Sales and satisfaction figures declined as Millennial students bypassed the Northside Café at the University of Nevada Reno (UNR) on their way to other campus venues.
A complete renovation—going beyond a simple refresh of the menu—to better meet the needs of new diners. It started with extensive research into what customers wanted and what the operation could handle in the space and then translating that into a space that spoke to those consumer values.
How it’s done
Russ Meyer, associate director of housing operations and dining services, and his team organized focus groups to understand just what the young students were looking for in a campus dining operation. “The takeaways were clear,” says Susan Wilkie, vice president of Webb Culinary Design, one of the firms that partnered with UNR on the renovation. “Students wanted a comfortable and inviting space in a centralized location for meeting up with friends. They also wanted an environment that was genuine, unique in feel and appearance, compared to existing units on campus. The optimal space would evoke a personal connection from students by being the place they most want to eat and be seen eating.”

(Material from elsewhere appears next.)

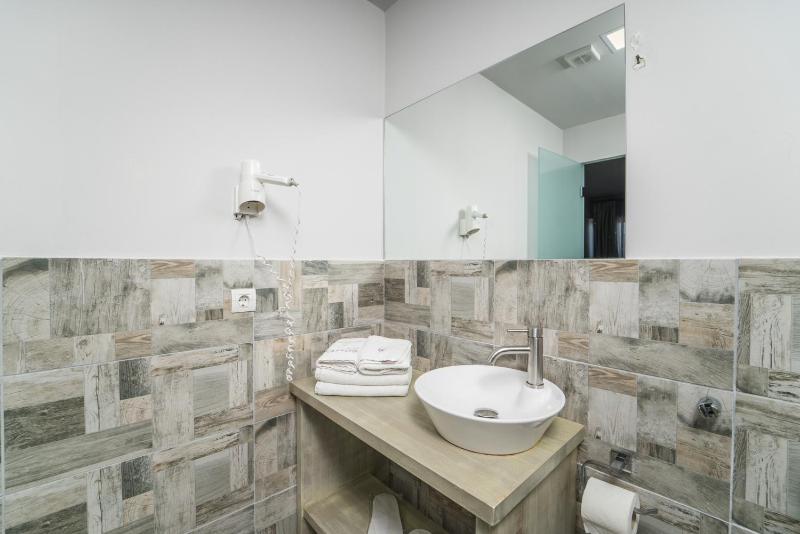 Family Suite with Sea & Marina View image 3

In addition, to analyzing the unit location to better understand lunchtime population figures, its proximity to other campus outlets, traffic flow, and points and speed of service, the team also compiled research to learn more about the demographics of these Millennial students. Aged 17 to 34 years old, they are multitaskers, accepting of all heritages and open-minded when it comes to controversial topics. Restaurants that appeal to them tell a story, have a social media connection with them, serve fresh food custom-made to their liking, and offer great service and value pricing.
Next, the team studied commercial restaurant food and flavor trends, finding that convenience, health, chef-driven and street-food inspired concepts, snacking opportunities, and ethnic flavors in menu items and condiments continue to appeal to consumers, especially Millennials.
Meyer says the goal of the new location was to deliver “an over-the-top, outrageous, incredibly fun and totally different restaurant like none ever built on a university campus.” Inspired by this research, the concept’s location on campus and the history of the university, the team selected a Steampunk theme. Steampunk is defined as a “sub-genre of science fiction that typically features steam-powered machinery, especially in a setting inspired by industrialized Western civilization during the 19th century.” The theme, which is carried throughout the renovated location, from flooring to lighting fixtures and employee uniforms and marketing efforts, is especially relevant to UNR students. UNR is well known for its mining and metallurgical engineering program.
“’Where do you think the gold comes from in your iPhone? We are only one of 13 mining programs in the U.S. and our graduates are at an all-time high demand,’” Wilkie recalls Meyer asking.
Like the Steampunk theme, menu ideation for the unit’s two stations was out-of-the-box as well. “The Works [station] is home to two themed and interactive service-style concepts,” Wilkie explains. “Waffler and Forklift Burritos & Bowls [have been] designed with a unique and experiential service delivery by the Steam Crew and Chef. Waffler exploits the popular food truck and restaurant sandwich trend, waffles as bread.” Sweet and savory waffle options are available featuring chef-driven housemade recipes, including bacon candy, and each waffle is pressed with an “N” and “WolfPack” logo in the spirit of the university.
Similar to Chipotle, the menu at the Forklift Burritos & Bowls station was “built with chef-driven and authentic recipes to deliver customized and fast burritos on freshly steamed 12-inch tortillas, salad bowls with organic local greens and rice bowls with freshly steamed cilantro white or brown rice [to create] a custom experience for both healthy and hearty choices,” Wilkie describes.
Keeping student in the loop was vital to the renovation’s success, Meyers adds. “Including the students in the final decision about the project and keeping them informed about its progress were important parts of the process,” he says. “By meeting with the student government and our dining committees throughout the planning and construction processes we were able to generate excitement that resulted in heavy traffic as soon as we opened.”